[PROMPT] In the entries below, find the line with "Solar PV/Inverter Performance" and the line with "2003 to 2006 Ford Everest 4x4 Service Manual"; give again those lines and every line between them, exactly.

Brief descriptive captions
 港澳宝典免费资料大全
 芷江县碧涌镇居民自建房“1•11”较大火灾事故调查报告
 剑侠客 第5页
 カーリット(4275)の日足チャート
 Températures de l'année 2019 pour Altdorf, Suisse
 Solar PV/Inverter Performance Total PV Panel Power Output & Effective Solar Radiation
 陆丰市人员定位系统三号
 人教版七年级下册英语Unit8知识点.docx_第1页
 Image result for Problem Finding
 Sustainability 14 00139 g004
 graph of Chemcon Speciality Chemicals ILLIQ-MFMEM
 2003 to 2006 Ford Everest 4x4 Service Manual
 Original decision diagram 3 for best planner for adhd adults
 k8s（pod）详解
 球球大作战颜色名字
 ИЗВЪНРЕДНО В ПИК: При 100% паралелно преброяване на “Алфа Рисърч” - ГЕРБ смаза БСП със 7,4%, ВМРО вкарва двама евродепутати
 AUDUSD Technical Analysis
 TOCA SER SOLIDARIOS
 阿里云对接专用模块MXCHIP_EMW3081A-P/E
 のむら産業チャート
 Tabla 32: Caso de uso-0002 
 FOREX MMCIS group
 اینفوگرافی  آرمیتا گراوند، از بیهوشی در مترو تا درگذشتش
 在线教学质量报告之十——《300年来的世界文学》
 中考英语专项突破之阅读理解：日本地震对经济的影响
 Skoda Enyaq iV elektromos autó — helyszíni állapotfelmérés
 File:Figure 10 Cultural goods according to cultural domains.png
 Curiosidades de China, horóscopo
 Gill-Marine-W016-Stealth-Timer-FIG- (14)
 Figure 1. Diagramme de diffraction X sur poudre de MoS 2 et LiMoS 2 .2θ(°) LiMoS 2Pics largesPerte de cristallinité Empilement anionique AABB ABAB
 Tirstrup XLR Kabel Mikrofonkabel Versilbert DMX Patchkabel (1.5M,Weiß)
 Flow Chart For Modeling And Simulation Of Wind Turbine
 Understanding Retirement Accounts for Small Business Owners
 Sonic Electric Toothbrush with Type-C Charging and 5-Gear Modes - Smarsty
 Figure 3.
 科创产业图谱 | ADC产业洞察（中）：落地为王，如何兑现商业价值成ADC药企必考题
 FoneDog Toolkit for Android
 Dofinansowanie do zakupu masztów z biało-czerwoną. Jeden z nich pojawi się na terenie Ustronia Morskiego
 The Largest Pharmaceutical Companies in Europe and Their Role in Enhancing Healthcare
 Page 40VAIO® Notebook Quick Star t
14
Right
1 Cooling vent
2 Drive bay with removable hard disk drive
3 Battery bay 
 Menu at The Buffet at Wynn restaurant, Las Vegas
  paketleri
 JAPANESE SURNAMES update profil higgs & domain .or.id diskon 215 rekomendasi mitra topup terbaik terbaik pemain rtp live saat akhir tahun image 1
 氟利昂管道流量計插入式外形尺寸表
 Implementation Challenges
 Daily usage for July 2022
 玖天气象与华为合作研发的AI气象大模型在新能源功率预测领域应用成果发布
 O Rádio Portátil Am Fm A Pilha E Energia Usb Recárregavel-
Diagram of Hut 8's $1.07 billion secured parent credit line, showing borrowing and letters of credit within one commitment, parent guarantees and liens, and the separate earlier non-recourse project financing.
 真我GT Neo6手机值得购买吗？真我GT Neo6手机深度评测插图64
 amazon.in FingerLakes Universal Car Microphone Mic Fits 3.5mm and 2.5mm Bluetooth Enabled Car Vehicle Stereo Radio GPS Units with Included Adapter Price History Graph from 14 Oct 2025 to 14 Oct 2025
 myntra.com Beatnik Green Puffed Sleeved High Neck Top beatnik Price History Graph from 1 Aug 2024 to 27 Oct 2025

[ANSWER TO THE EXERCISE]
 Solar PV/Inverter Performance Total PV Panel Power Output & Effective Solar Radiation
 陆丰市人员定位系统三号
 人教版七年级下册英语Unit8知识点.docx_第1页
 Image result for Problem Finding
 Sustainability 14 00139 g004
 graph of Chemcon Speciality Chemicals ILLIQ-MFMEM
 2003 to 2006 Ford Everest 4x4 Service Manual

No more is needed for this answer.